Читаем Крепость сомнения полностью

Снегопадение перестало так же внезапно, как и началось. Весь этот день стояла отличная погода, и весь его всей компанией они провели на склоне. Солнце как-то особенно злилось. Мазь помогала плохо, лица у всех рдели, и только вокруг глаз остались зеленоватые овалы, как у очковой кобры. Аля отошла от шока, но слабость еще осталась. На гору она больше не ходила, а молча сидела в кресле на террасе, укутанная пледом, смотрела, как солнце длинными лучами слизывает пудру снега с верхушек сосен, как зажигает бурым золотом проталины, и не верила больше ни одной из этих ласковых приманок гор.

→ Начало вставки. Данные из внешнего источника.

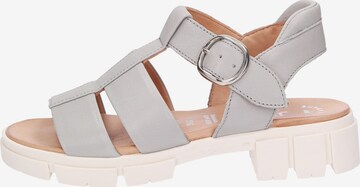 SIOUX Strap Sandals ' Ronila-701 ' in Grey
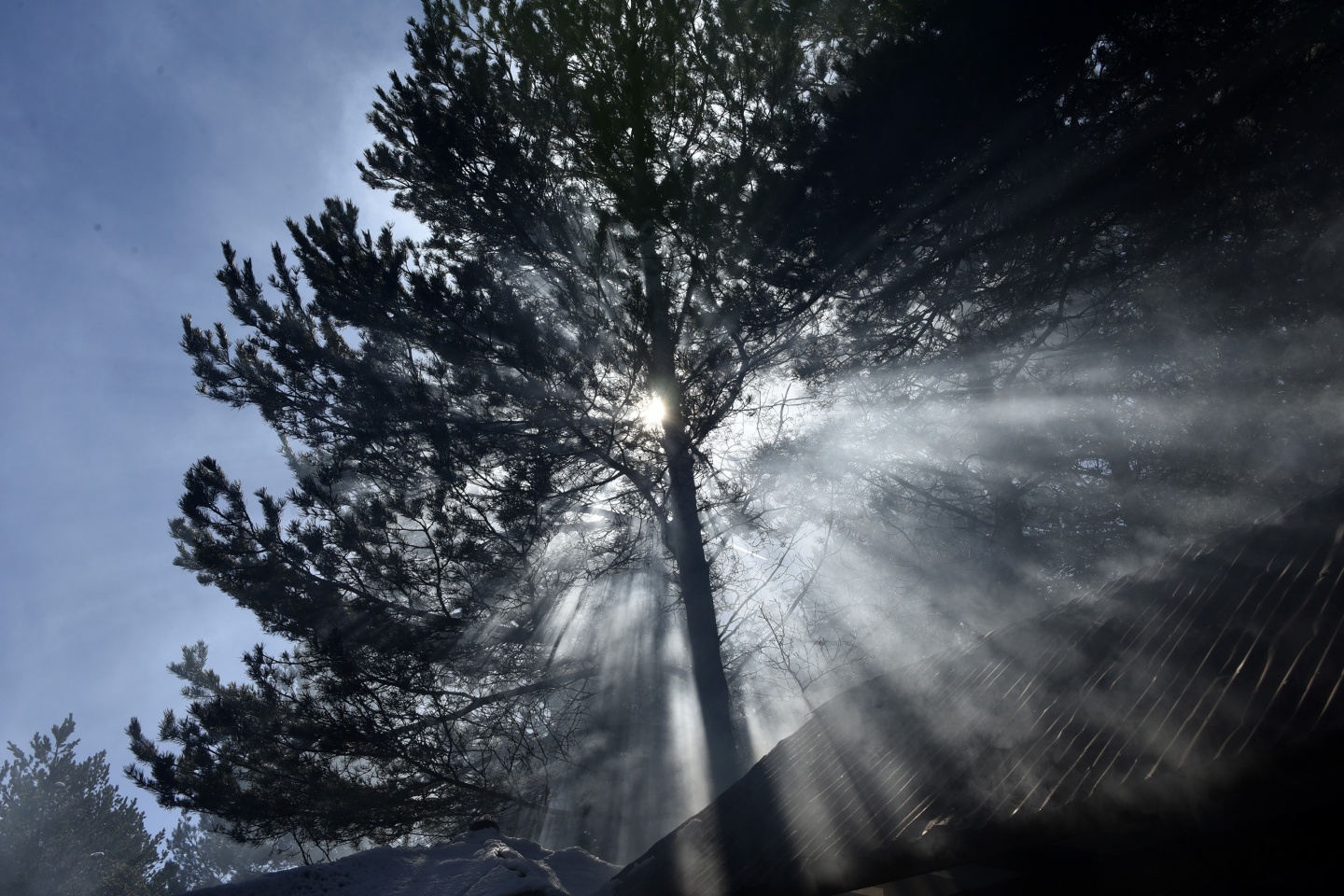 Limni Gölünde sezon hızlı başladı 11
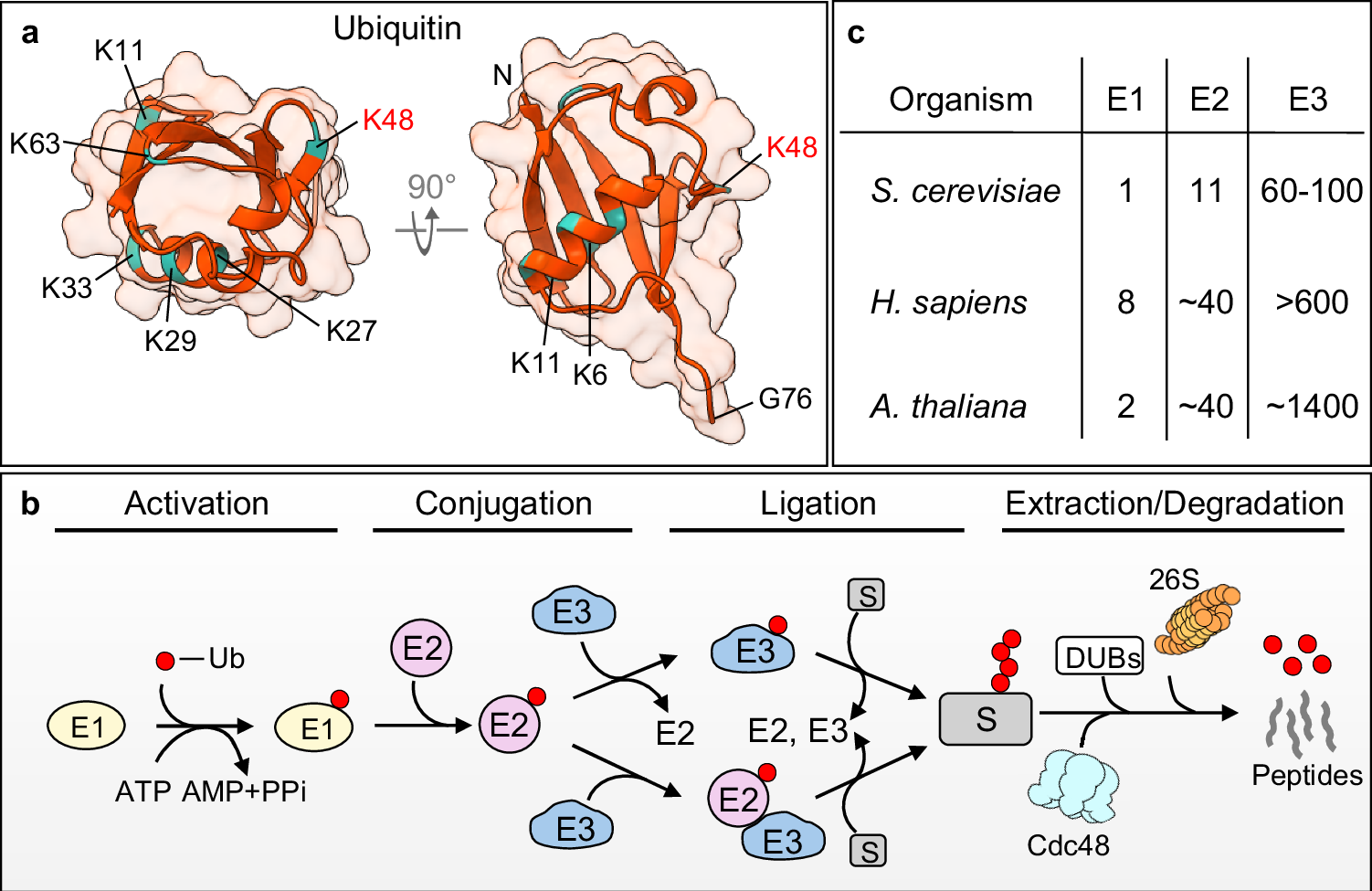 Comparative analysis of Cdc48-dependent proteolysis at the ER, mitochondria and chloroplasts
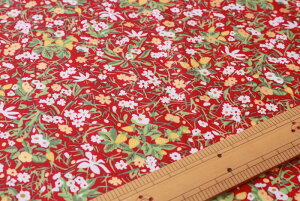 �y���o�e�B�v�����g/LIBERTY�z2020A/W�gBerry Christmas�hStrawberry Patch Sparkle�i�X�g���x���[�E�p�b�`�E�X�p�[�N���jDC31037-J20B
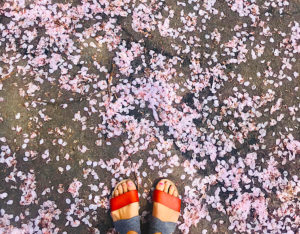 Flower petals on ground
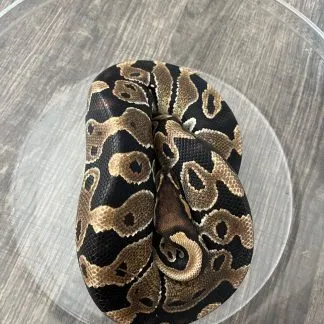 Review #184323, image #1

Ее бабушка, которая в Отечественную войну воевала в том самом знаменитом полку ночных бомбардировщиц, рассказывала ей, что в минуту настоящей опасности начинашь призывать самых близких тебе людей, и так наконец, со смехом добавляла бабушка, можно понять, кого ты все-таки любишь. Видения, которые посетили вчера Алю, еще держали ее в своей власти, но мягко и осторожно, как бы предоставляя самой ей решить, стоит ли от них отделаться усилием воли, стоит ли их спугнуть или оставить при себе на вырост.

Она чувствовала себя точно в стеклянном колпаке, через который проникает один лишь свет, и прикасалась к предметам осторожно, как будто они тоже были стеклянными и их можно было разбить.

К полудню аварию ликвидировали, и стало поступать электричество, но как-то само собою решено было собираться домой.


* * *

После ужина всей гурьбой завалились в гостиничный бар. Вечер был, что называется, бардовский. Hароду набилось уйма. Одни сидели вдоль стен, другие неподвижно стояли за их спинами, в камине яростно горели поленья лиственницы, и тут и там свечки упирались в положенный полумрак. В оранжевом свете камина гитара кочевала из рук в руки, как монета хорошего достоинства.

– Косте дайте, – раздавались упрямые полутемные голоса. – Пусть Костя споет. – И Костя, отвлекаясь от разговора, бросал в пространство бессмысленный, но добрый взгляд.

– «Лошади не хочут», – мотал кудрявой головой Костя и снова утыкался в стакан под понимающие смешки присутствующих.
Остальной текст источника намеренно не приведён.